For a single-component perfect gas, entropy perturbations are associated with the difference between the overall density fluctuation and that coming from the acoustic perturbation. Entropy perturbations can generate sound when accelerated/decelerated by a non-uniform flow and this is highly relevant to thermoacoustic instabilities for gas turbines and rocket engines, and to noise emission for aero-engines. Widely used theories to model this entropy-generated sound rely on quasi-1D assumptions for which questions of validity were raised recently from both numerical and experimental studies. In the present work, we build upon an acoustic analogy theory for this problem. This theory was initiated by Morfey (J. Sound Vib. 1973) and Ffowcs Williams and Howe (J. Fluid Mech. 1975) about 50 years ago and extended recently by Yang, Guzmán-Iñigo and Morgans (J. Fluid Mech. 2020) to study the effect of non-plane entropy waves at the inlet of a flow contraction on its sound generation. Comparisons against both numerical simulations and previous theory are performed to validate the results.

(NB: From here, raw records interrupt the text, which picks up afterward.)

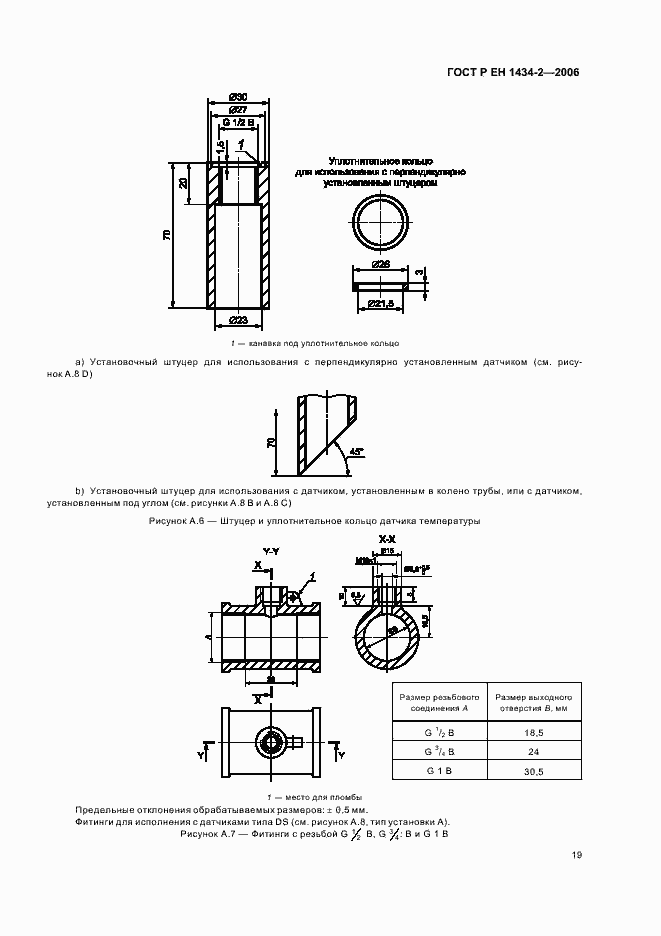 Страница 26 ГОСТ Р ЕН 1434-2-2006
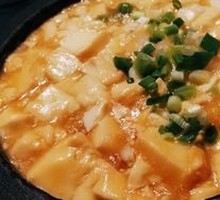 Stone Pot Chicken and Tofu Soup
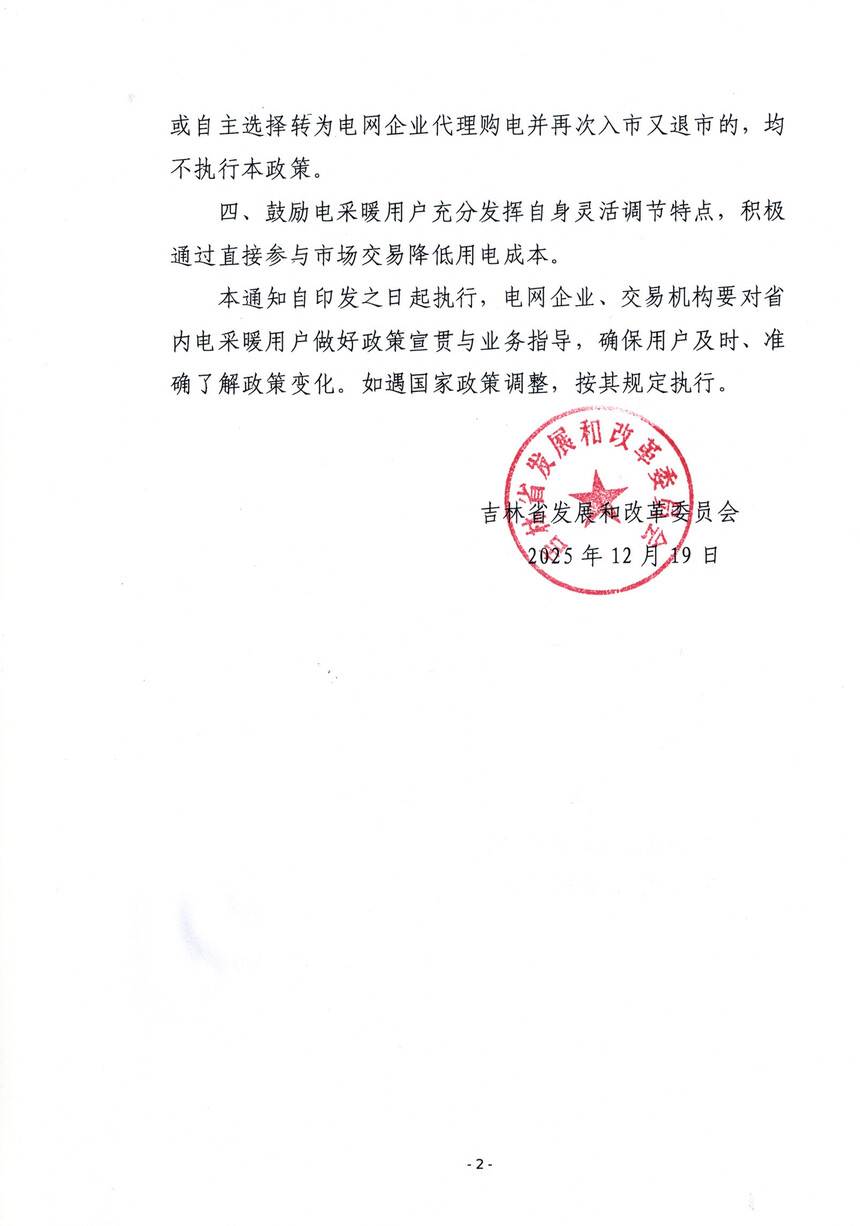��ȷ���ů�۸�������˵ĺ�20251223_ҳ��_2.jpg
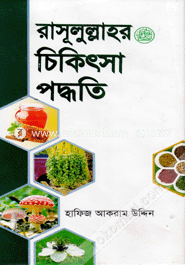Rasulullahor Chekisha Poddoti image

对于单组分完美气体，熵扰动与整体密度波动与来自声学扰动的密度波动之间的差异有关。当由非均匀流动加速/减速时，熵扰动会产生声音，这与燃气轮机和火箭发动机的热声不稳定性以及航空发动机的噪声排放高度相关。广泛使用的理论来模拟这种熵产生的声音依赖于准一维假设，最近从数值和实验研究中提出了有效性问题。在目前的工作中，我们针对这个问题建立了声学类比理论。这一理论大约 50 年前由 Morfey (J. Sound Vib. 1973) 和 Ffowcs Williams 和 Howe (J. Fluid Mech. 1975) 提出，最近由 Yang 扩展，Guzmán-Iñigo 和 Morgans (J. Fluid Mech. 2020) 研究流动收缩入口处的非平面熵波对其声音产生的影响。对数值模拟和以前的理论进行比较以验证结果。